1. A manufacturer of compact fluorescent light bulbs advertises that the distribution of the lifespans of these light bulbs is nearly normal with a mean of 9,000 hours and a standard deviation of 1,000 hours.

1. What is the probability that a randomly chosen light bulb lasts more than 10,500 hours?

Solution:

\(Z_{10500}\) = (10500-9000)/1000 = 1.5

P(X>10500) = 0.0668

mean = 9000
sd = 1000
z_score = (10500 - 9000)/sd
prob = 1-pnorm(z_score)
prob

## [1] 0.0668072

2. Describe the distribution of the mean lifespan of 15 light bulbs.

SE_sample = 1000/sqrt(15)
SE_sample

## [1] 258.1989

3. What is the probability that the mean lifespan of 15 randomly chosen light bulbs is more than 10,500 hours?

z_score = (10500 - 9000)/258.2
probability = 1 - pnorm(z_score)
probability

## [1] 3.13392e-09

4. Sketch the two distributions (population and sampling) on the same scale.

s <- seq(5000,13000,0.01)
plot(s, dnorm(s,9000, 1000), type="l", ylim = c(0,0.002),)
lines(s, dnorm(s,9000, 258.1989), col="blue")

5. Could you estimate the probabilities from parts (a) and (c) if the lifespans of light bulbs had a skewed distribution? Solution:

the probabilities with a skewed distribution cannot be estimated.

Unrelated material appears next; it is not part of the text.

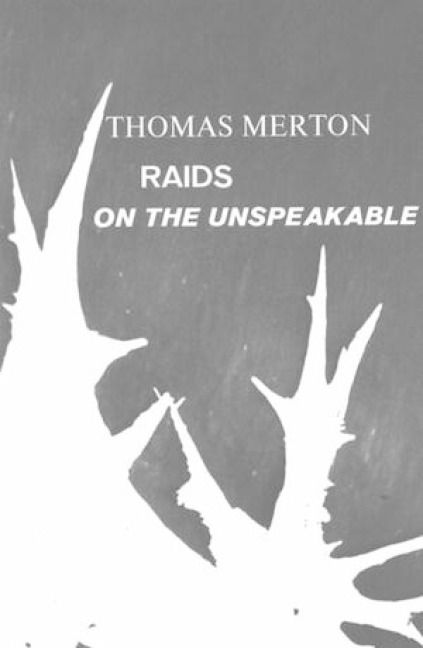 Produktbild: Raids on the Unspeakable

Same Observation, Different Saample Size

Suppose you conduct a hypothesis test based on a sample where the sample size is n = 50, and arrive at a p-value of 0.08. You then refer back to your notes and discover that you made a careless mistake, the sample size should have been n = 500. Will your p-value increase, decrease, or stay the same? Explain.

Solution:

The p-value will decrease with a larger sample size as the spead of the distribution will narrow causing the standard deviation to decrease with increase in n.